Watery mouth in lambs

Watery mouth is an infectious bacterial disease that can kill newborn lambs usually within the first three days of life. Lambs pick up infection from the environment and the bacteria multiply very rapidly in the gut. Affected lambs die within hours.

Back to colostrum management in lambs

Signs of watery mouth 

  • Lethargy
  • High temperature
  • Drooling
  • Constipation
  • Distended abdomen
  • Sometimes diarrhoea

The role of colostrum

The most important and practical way to prevent and/or reduce cases of watery mouth is to provide enough good quality colostrum quickly to every lamb.

Lambs need at least:

  • 50 ml/kg of colostrum as soon as possible after birth (latest 4-6 hours). Example, for a 5 kg lamb 50 ml/kg would require = 250 ml of colostrum.
  • 200 ml/kg of colostrum in the first 24 hours.

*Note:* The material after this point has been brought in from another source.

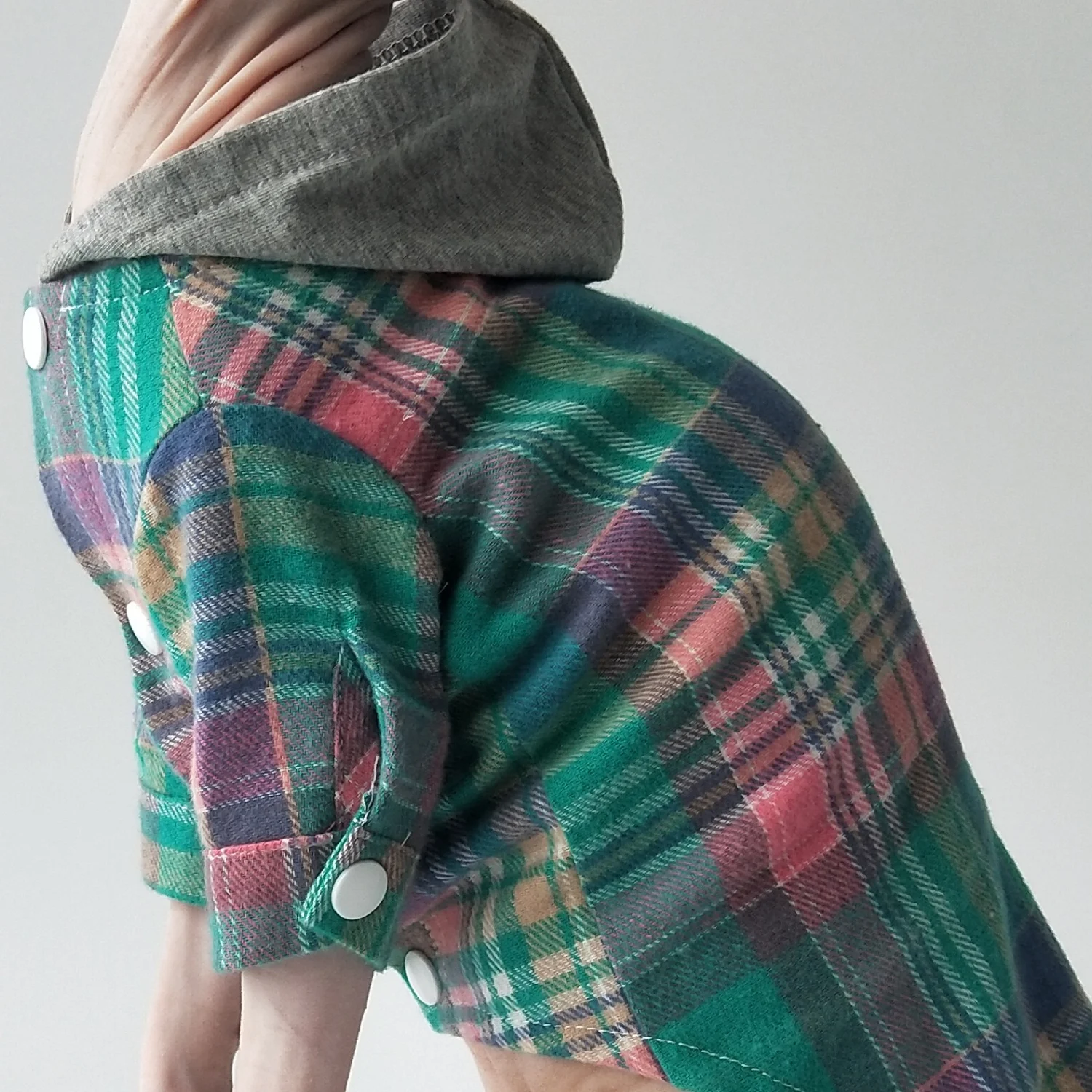 Abrigo de moda para gato sin pelo en primavera Camisa a cuadros de manga larga con capucha azul y botones para Esfinge en verano Traje suave fácil de poner para gatitos - imagen 5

For a 5 kg lamb 200ml/kg this is approximately = 1 litre.

Lambs that will require additional support and should consider supplementing with colostrum:

  • Difficult lambing
  • Multiple births (such as triplet lambs)
  • Lambs from ill ewes (e.g. from ewes with mastitis or twin lamb disease)

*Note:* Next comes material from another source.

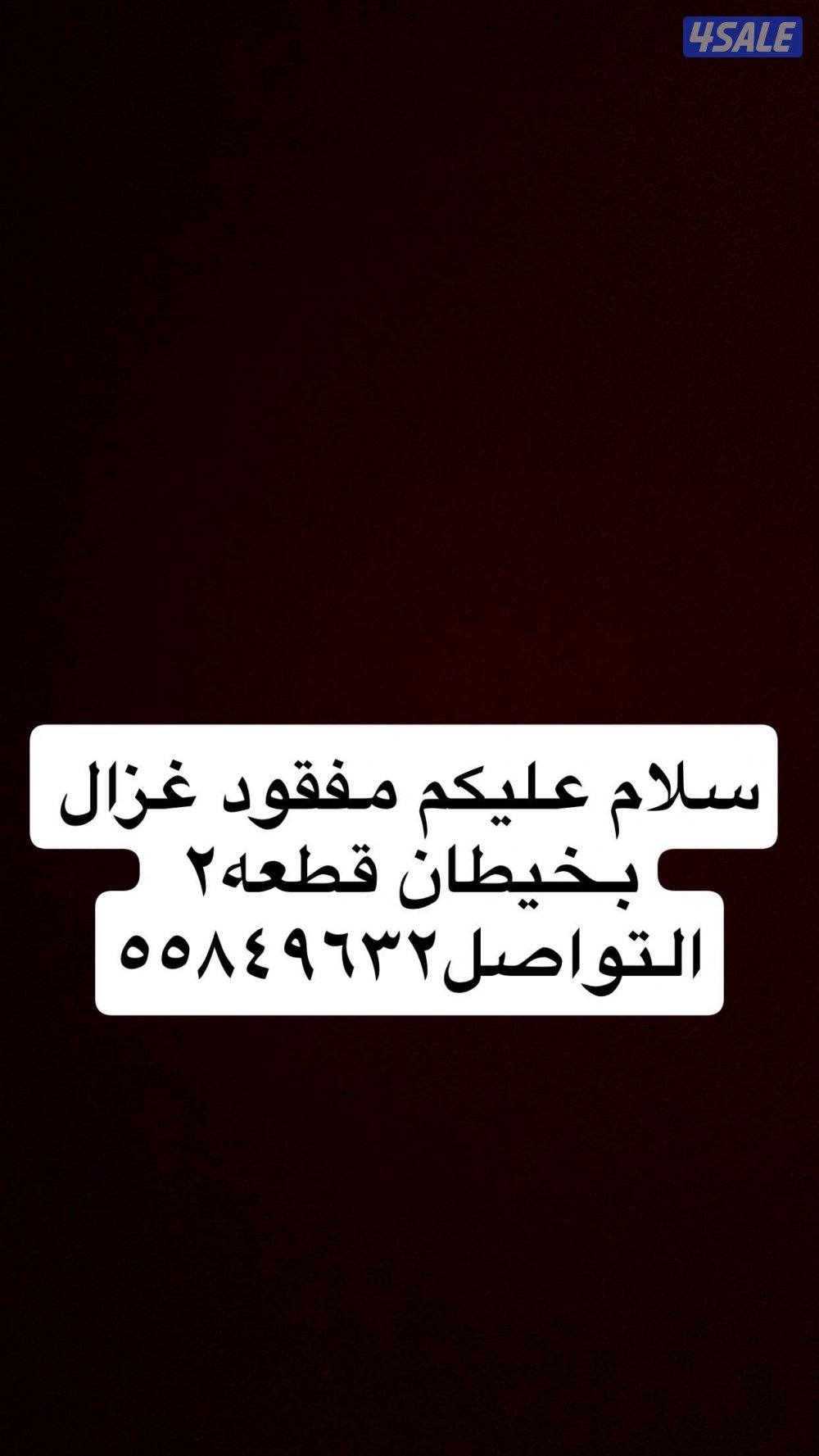 مفقود غزال بخيطان0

Good colostrum management can also help to prevent other infectious diseases e.g. clostridial diseases. Protection can be boosted by vaccinating ewes before lambing to allow antibodies to be transferred from the ewe her lamb(s).

Avoid tail docking and castration on the first day of life as it can put lambs off suckling colostrum.

Speak to your vet or advisor for more information on colostrum management, vaccinations and target body condition scores for your system.

Case study

Farmers involved in the Challenge Sheep research project funded by AHDB advise focusing on colostrum management at lambing time to prevent watery mouth.

Sheep farmer Sam Jones hasn’t used Spectam for about 20 years and stopped blanket using antibiotics for six years.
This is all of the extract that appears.